A cidade vive uma epidemia de dengue, com mais de mil casos confirmados no ano. O reforço de empresa terceirizada para eliminação de criadouros acontecia desde 2017.
A prestadora de serviço que atuava na cidade não teve contrato renovado. Segundo o secretário, nova licitação está sendo preparada. O edital ainda não foi pulicado e não há previsão para contratação, porém Cássio estima que não deve ocorrer prejuízo às atividades.
“Nós já havíamos iniciado com a Sucen uma capacitação dos agentes que vão substituir aquilo que a empresa vinha fazendo, por esse período em que uma nova licitação está sendo aberta”, disse o titular da pasta.
A Bump Impermeabilização e Dedetização, da cidade de Lins, assinou contrato com a Prefeitura de Marília em novembro de 2017. Aditivos se acumularam até maio do ano passado – o último com vigência de doze meses.
Funcionário da terceirizada orienta moradores sobre o cuidado com plantas (Foto: Prefeitura de Marília)
A empresa recebia R$ 121.596,24 mensais para manter equipes que aplicavam inseticida e complementavam o serviço de controle do mosquito Aedes aegypti. Ao longo do período, o contrato e os aditivos somaram mais de R$ 3,5 milhões.
Com atuação principalmente nos locais – raio de 200 metros – dos endereços com casos positivos de dengue, a empresa tinha cerca de 30 funcionários na cidade.
Além da nebulização, os terceirizados faziam também visita casa a casa, com aplicação de produtos químicos em recipientes impossíveis de serem removidos. Fazia também orientação aos moradores, em trabalho complementar aos Agentes de Combate a Endemias.
O secretário da Saúde afirmou ao Marília Notícia que a Prefeitura está colhendo mais orçamentos – geralmente são três – para que o preço máximo no edital favoreça o município.
Volta do fumacê
Aplicação espacial de inseticida – o fumacê – já foi um método muito comum no país para combate aos mosquitos adultos. O uso de bombas mais pesadas, em caminhonetes, não acontece em Marília desde 2014.

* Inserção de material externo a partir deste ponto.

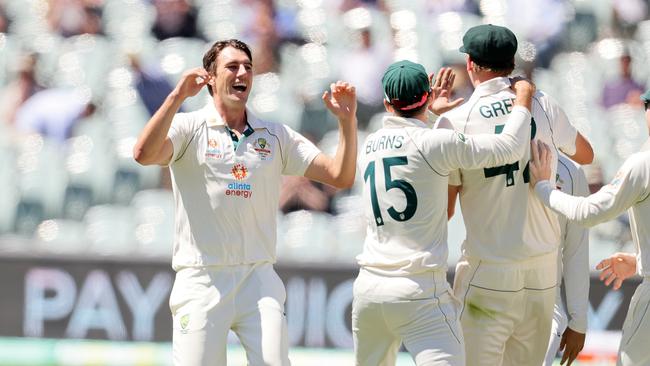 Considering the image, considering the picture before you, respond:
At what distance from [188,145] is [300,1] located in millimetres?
4096

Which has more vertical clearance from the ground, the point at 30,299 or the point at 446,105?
the point at 446,105

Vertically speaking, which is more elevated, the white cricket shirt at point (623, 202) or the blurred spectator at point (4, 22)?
the blurred spectator at point (4, 22)

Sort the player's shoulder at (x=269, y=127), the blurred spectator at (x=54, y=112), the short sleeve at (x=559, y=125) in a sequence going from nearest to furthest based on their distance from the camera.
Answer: the short sleeve at (x=559, y=125), the player's shoulder at (x=269, y=127), the blurred spectator at (x=54, y=112)

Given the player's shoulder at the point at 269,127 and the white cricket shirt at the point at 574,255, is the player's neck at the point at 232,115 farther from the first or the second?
the white cricket shirt at the point at 574,255

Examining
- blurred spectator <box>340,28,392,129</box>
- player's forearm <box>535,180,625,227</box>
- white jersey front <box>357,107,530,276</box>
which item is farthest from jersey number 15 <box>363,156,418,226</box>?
blurred spectator <box>340,28,392,129</box>

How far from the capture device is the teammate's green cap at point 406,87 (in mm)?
4496

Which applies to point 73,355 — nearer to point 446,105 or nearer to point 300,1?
point 300,1

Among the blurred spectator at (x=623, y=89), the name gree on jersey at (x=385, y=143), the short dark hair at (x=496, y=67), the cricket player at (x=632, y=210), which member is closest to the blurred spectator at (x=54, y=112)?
the blurred spectator at (x=623, y=89)

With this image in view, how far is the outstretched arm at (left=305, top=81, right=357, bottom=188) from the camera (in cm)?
474

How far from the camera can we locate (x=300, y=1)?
8609 mm

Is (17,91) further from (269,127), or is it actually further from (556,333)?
(556,333)

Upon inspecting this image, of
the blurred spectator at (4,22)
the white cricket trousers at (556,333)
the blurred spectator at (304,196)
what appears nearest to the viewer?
the white cricket trousers at (556,333)

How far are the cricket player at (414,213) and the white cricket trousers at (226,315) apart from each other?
34cm

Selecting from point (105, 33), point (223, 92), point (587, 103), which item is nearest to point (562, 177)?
point (223, 92) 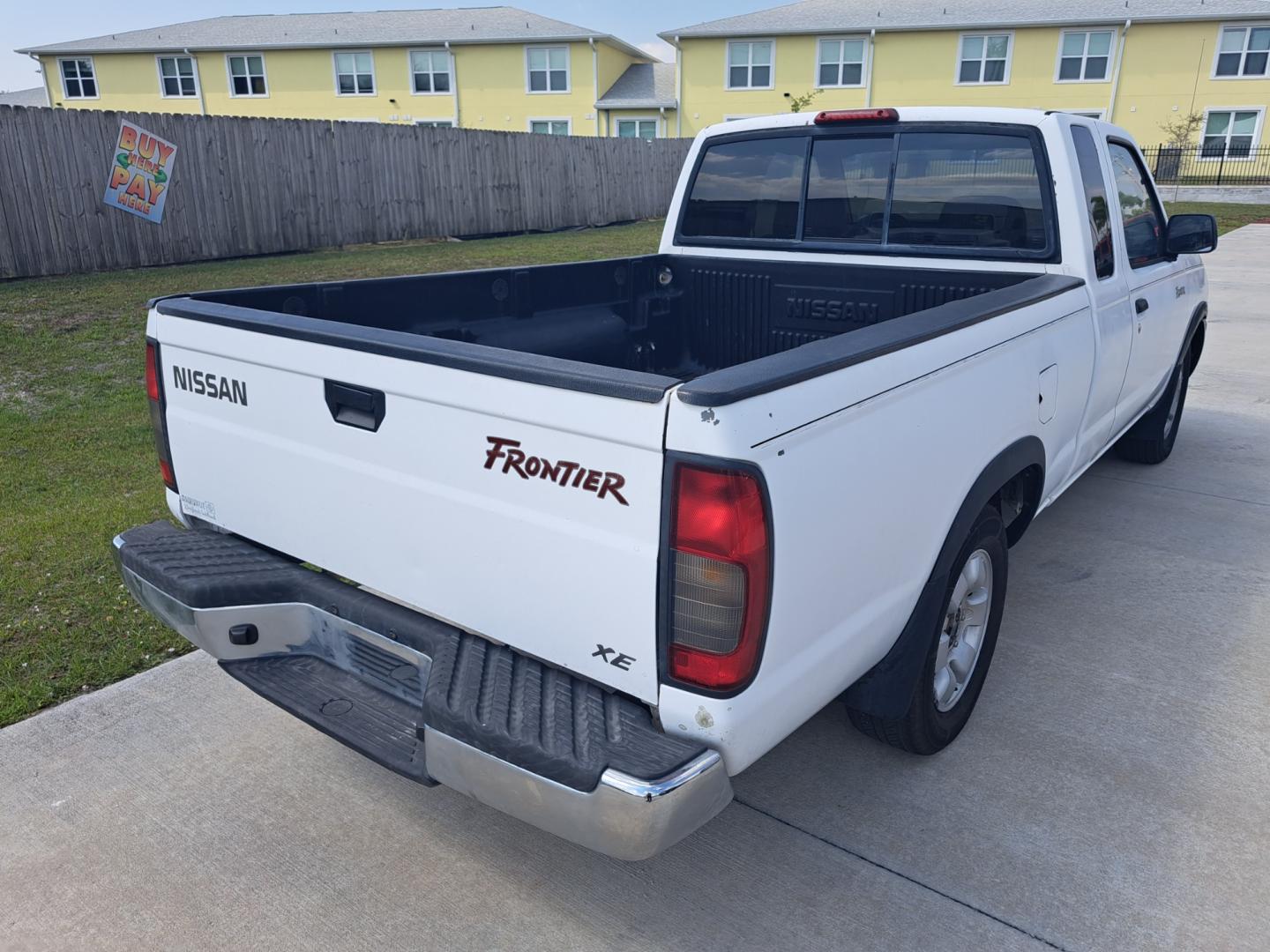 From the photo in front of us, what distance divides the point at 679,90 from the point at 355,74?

Nos últimos anos, como diretriz do próprio Ministério da Saúde dos Estados, a medida foi usada nos casos mais extremos de epidemia. O veneno não elimina ovos e larvas em água parada, podendo dar falsa sensação de controle do Aedes aegypti, transmissor da dengue, zika vírus e chikungunya.
A medida enfrenta resistência de parte dos técnicos, já que a toxidade dos produtos químicos pode ser nociva para animais domésticos, pássaros e os próprios moradores.